Поскольку мнение досточтимых муфтиев России увидело свет в «НГ-Религия» №9/80 от 16 мая 2001 г., можно догадываться, что опасения авторов связаны с очередной годовщиной Куликовской битвы, которая приурочена, по традиции, к 21 сентября, то есть, к празднику Рождества Богородицы. Насколько мы знаем, годовщина битвы празднуется в России достаточно скромно, поскольку не относится к торжествам официального государственного календаря. Более того, мы не можем назвать ни одного официального документа, исходившего из стен Кремля за последние несколько десятилетий, в котором бы сражение обозначалось как день «победы русских воинов над монголо-татарами». Наоборот, из Кремля неоднократно исходили полуофициальные рекомендации «не обижать наших восточных товарищей» очередными празднованиями Куликовской годовщины. Так что здесь у авторов явная передержка, возможно, рассчитанная на более решительную острастку «завоёванных», слишком крепко помнящих, что были-де и «завоеватели».
Дальнейшие доводы авторов совершенно запутывают понятия наивного читателя о том, кто же кого когда-то завоёвывал. Оказывается, «великий князь Димитрий Донской выступил в 1380 году на стороне законного хана Золотой Орды Тохтамыша против узурпатора Мамая». Оказывается, далее, что «на стороне князя были и татарские полки, так же как на стороне Мамая выступили некоторые русские князья».
Интересно только, кто же прислал эти виртуальные «татарские полки» на помощь Дмитрию? Уж не Тохтамыш ли, который через два года после Куликовской битвы сжёг Москву дотла?

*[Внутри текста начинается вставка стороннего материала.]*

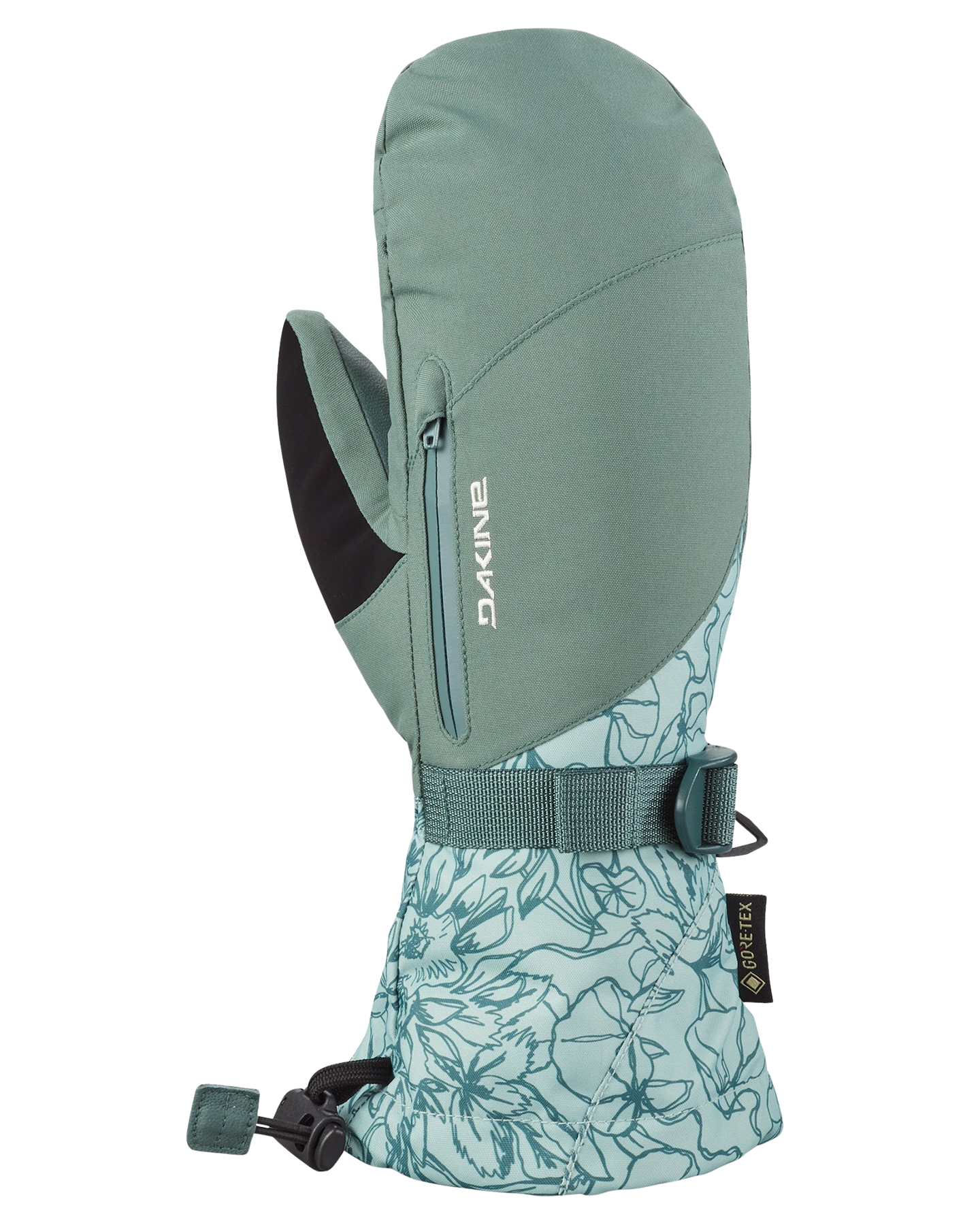Dakine Women's Leather Sequoia GORE-TEX Snow Mittens - Poppy Iceberg Women's Snow Mittens - Trojan Wake Ski Snow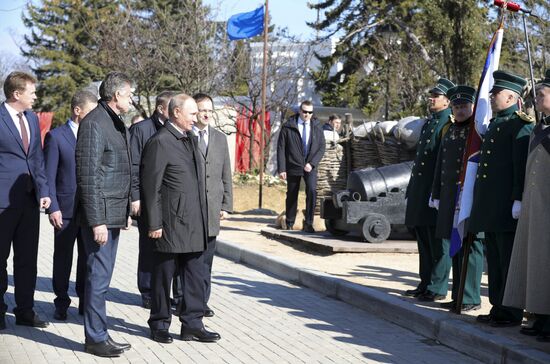 Russia Putin Crimea Referendum Anniversary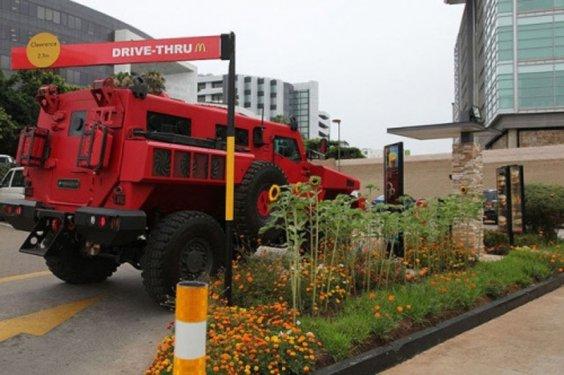 Dünyanın en durdurulamaz aracı: Marauder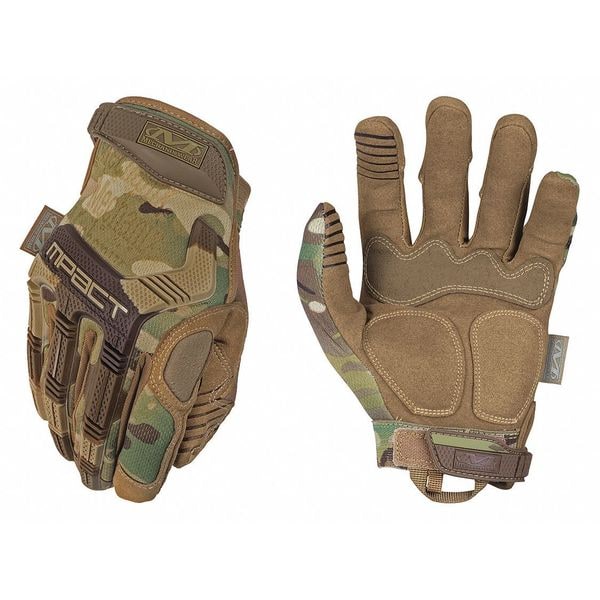 Mechanix Wear M-Pact Tactical Glove, XL, MultiCam, 10inL, PR - MPT-78-011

Любопытно бы узнать у авторов и имена русских князей, пополнивших войско Мамая.
Ни древнерусские летописи, ни отечественные историки, начиная от Татищева, Карамзина и Соловьева и кончая Рыбаковым и Тихомировым, нам таких фантастических подробностей не сообщили. Нет таких сведений и в ордынских источниках, кстати, крайне бедных и обрывочных. Зато в новейших евразийских исторических идиллиях можно обнаружить, что никаких вообще завоевателей и в природе-то не было, а Дмитрий Донской и Тохтамыш вообще одно и то же лицо.

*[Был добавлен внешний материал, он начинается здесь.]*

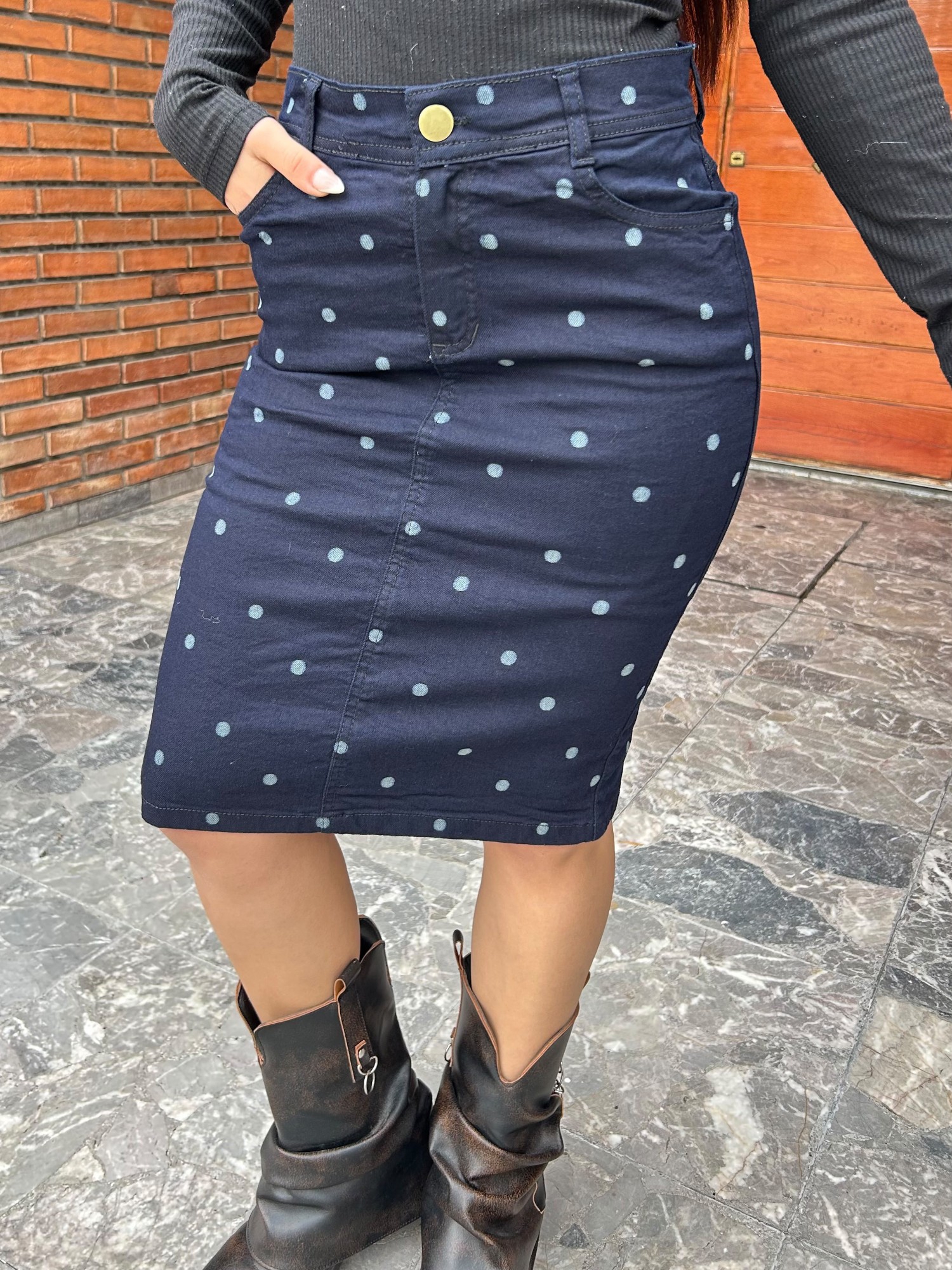 Polleras de Jeans - Imagen 2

Смиримся с тем, что досточтимые муфтии не хотят вспоминать о Куликовской битве. Это их право. Но зачем же вспоминать о ней подробности, навеянные сладкими евразийскими миражами? Разве честный и трезвенный взгляд на общую нашу историю – не доблесть, не мужество благородных потомков? Разве предки нынешних узбеков, казахов, татар, башкир не первыми понесли когда-то страшный урон от полчищ Чингисхана, – ещё до вторжения завоевателей в пределы Руси? Разве нынешний русский смотрит на нынешнего татарина, – после стольких столетий совместного государственного строительства, – как на «завоевателя»?
Мы присоединяемся к радости историка, открывающего забытые сведения, древние доподлинные источники, как бы ни были его открытия неудобны для установившегося взгляда на вещи. Но как часто сегодня дерзость первооткрывания подменяется завистливым гиперкритическим нигилизмом – упакованным в яркую евразийскую обертку.
Мы желаем здравствовать евразийскому геополитическому прогнозу, основанному на возможности прочных и долговременных добрососедских взаимоотношений между Россией и народами азиатского континента. Но разве такие взаимоотношения станут прочней оттого, что целые главы совместной истории будут наспех вычеркнуты или перемараны до неузнаваемости? Тот, кто размалевывает свое прошлое сладкими картинками утопических идиллий, станет и в будущем плодить утопию за утопией. Но, может быть, хватит уже тешить себя миражами?